The most famous feature of this impressive neoclassical church, the silver angel that crowns it large central dome, is currently missing while the church undergoes much-needed restoration.

  • Church of St. Catherine the Martyr on Vasilyevsky Island in St Petersburg, Russia
    Church of St. Catherine the Martyr on Vasilyevsky Island
  • Church of St. Catherine the Martyr in St Petersburg, Russia
    Church of St. Catherine the Martyr

The first wooden church was built on this site in the 1740s, when the surrounding area was home to the Kabardin Regiment of cavalrymen from the North Caucasus. Later, it became a "pox church", reserved for sufferers from smallpox and served by priests who were permanently quarantined. The church burned to the ground in 1809, and was replaced in 1823 by the current stone church, designed by architect Andrei Mikhailov the Second (his elder brother was also a prominent architect).

The new church took the form of a Greek cross, with a prominent central dome surrounded by columns and crowned with a lead-covered wooden angel holding a gilded sword. Inside, the church was spacious and airy, with a pale-blue coffered dome ornamented with elegant classical rosettes. The centre of worship was an icon of Catherine the Martyr, whose popularity in St. Petersburg was assured after two Empresses bore her name.

Interior of the Church of St. Catherine the Martyr in St Petersburg, Russia
Interior of the Church of St. Catherine the Martyr

The church survived until the 1930s, when it was handed over to the Hydrological and then the Petroleum Research Institutes. Still under restoration, the church is beginning to hold services again, and a copy of the original angel stands near the entrance, waiting to be restored to its rightful place atop the church's majestic dome.

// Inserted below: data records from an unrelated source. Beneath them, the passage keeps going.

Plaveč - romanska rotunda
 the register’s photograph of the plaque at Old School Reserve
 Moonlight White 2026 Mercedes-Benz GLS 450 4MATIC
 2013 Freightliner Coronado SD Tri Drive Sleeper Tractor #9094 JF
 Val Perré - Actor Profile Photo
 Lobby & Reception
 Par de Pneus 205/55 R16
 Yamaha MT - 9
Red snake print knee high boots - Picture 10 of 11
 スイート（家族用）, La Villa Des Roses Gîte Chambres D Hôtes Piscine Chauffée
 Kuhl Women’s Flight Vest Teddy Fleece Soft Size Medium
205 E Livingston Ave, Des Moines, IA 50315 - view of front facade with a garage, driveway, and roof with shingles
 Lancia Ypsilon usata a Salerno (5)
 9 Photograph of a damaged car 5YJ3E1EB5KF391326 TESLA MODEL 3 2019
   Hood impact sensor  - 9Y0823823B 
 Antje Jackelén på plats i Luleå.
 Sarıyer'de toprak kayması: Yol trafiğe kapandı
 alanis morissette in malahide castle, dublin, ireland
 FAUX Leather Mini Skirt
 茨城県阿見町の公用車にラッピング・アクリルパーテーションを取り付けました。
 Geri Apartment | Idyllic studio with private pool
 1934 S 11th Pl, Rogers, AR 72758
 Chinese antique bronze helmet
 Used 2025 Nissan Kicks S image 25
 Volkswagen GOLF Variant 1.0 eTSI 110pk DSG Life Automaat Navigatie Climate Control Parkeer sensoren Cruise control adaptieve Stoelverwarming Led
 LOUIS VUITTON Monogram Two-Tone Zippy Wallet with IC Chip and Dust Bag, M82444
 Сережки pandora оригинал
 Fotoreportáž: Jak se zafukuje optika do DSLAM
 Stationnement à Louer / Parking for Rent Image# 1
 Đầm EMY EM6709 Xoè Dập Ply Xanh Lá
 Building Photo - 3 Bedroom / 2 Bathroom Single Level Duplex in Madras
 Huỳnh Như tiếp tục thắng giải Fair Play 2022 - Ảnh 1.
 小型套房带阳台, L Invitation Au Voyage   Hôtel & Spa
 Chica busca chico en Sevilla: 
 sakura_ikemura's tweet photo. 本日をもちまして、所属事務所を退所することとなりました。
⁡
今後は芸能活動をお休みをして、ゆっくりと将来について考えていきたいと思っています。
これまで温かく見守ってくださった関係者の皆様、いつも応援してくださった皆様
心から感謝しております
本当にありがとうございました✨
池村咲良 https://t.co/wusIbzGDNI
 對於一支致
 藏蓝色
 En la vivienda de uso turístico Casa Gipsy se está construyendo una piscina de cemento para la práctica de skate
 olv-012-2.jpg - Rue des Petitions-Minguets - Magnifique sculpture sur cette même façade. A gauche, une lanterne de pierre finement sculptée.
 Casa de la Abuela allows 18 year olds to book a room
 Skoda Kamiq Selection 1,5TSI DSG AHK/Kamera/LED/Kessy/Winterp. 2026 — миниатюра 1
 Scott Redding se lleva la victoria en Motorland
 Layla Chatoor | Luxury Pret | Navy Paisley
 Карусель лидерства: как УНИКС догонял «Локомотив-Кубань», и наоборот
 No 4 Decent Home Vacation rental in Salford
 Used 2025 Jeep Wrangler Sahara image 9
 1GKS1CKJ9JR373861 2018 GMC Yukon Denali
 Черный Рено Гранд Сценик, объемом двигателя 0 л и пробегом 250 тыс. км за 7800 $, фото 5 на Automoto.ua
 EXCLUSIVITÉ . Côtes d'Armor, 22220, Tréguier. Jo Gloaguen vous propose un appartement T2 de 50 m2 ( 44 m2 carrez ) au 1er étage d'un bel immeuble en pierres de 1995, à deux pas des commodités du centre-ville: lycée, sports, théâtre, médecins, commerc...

Address: 27a, Kadetskaya Liniya
Metro station: Vasileostrovskaya
From the metro: Turn right from the metro down Sredny Prospekt to the third cross street. Turn left, and the church is immediately on your right. (10 minutes)
Opening hours: Daily from 9am to 7pm.

Still undergoing restoration work, this fine but long-neglected church will be more of a draw for visitors in a year or two. For now, it is worth a brief detour if you happen to be wandering along the embankments of Vasilevsky Island.